Homework Help: Particle displacement by a speaker in a gas tube

  1. Jul 2, 2011 #1
    A speaker is generating waves in a gas that is closed in a tube. The tubes closed end is at x=0 and the speaker is at x=1. The motion of the membrane is given by

    [tex]s=s_0 \cdot sin(\omega t)[/tex]

    How does the particle displacement vary with x and t? The wavelength is [tex]\lambda[/tex]

    I do not know how to solve it. But i thougt of expressing it like this:

    [tex]s_1=s_0 sin(kx + \omega t)[/tex] (wave due to speaker oscillation, travelling from x=1 to x=0)

    [tex]s_2=s_0sin(kx - \omega t)[/tex] (reflected wave at x=0 travelling to x=1)

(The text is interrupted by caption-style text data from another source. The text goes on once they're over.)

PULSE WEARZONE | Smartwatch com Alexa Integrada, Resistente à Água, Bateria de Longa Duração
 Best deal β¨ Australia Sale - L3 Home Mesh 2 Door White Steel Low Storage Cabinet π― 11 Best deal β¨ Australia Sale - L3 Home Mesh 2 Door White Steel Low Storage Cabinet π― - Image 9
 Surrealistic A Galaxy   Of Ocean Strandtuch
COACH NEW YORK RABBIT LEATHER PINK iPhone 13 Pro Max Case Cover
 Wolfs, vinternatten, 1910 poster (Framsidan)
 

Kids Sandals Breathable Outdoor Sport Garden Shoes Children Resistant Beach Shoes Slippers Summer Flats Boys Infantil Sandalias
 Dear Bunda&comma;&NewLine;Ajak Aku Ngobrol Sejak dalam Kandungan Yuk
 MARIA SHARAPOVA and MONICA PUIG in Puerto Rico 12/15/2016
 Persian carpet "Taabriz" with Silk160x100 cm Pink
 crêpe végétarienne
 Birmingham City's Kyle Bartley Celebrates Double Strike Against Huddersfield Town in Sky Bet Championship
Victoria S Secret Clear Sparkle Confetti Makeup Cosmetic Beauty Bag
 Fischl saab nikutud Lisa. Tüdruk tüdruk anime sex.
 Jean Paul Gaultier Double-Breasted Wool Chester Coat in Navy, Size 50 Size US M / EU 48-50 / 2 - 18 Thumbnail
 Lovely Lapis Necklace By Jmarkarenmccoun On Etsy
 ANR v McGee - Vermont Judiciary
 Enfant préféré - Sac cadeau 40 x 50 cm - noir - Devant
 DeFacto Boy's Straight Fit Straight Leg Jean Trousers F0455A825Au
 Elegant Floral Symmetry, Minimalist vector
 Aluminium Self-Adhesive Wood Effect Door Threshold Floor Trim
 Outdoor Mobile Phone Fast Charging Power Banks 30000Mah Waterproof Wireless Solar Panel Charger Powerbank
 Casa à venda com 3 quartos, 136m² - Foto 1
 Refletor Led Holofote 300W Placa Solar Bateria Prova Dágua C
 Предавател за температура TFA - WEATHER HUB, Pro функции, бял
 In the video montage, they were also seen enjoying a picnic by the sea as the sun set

    The problem is that the reflected wave is reflected again and again....
    Last edited: Jul 2, 2011
  2. jcsd
  3. Jul 3, 2011 #2
    there is standing wave. do you know what it is?
  4. Jul 3, 2011 #3
    Yes i know what it is. If we solve it as a standing wave problem then we have:

    [tex]s_{tot}=2s_0cos(\omega t)sin(kx)[/tex]

    Boundary condition: [tex]s_{tot}=0 [/tex] at x=0

    According to the answer in my book it is a bit different, but x and t are separate from each other in the sinusodial functions as my suggestion above.

    Any hint for me?

  5. Jul 9, 2011 #4

    Philip Wood

    User Avatar
    Gold Member

    You've got the right idea, but you need to be a bit more flexible with your choice of phases of progressive waves. You have to choose them so that their sum conforms to the boundary conditions at x=0 and x=1.

    Yours fit at x=0, because sin(kx) =0, and s1 + s2 must indeed be zero next to the wall.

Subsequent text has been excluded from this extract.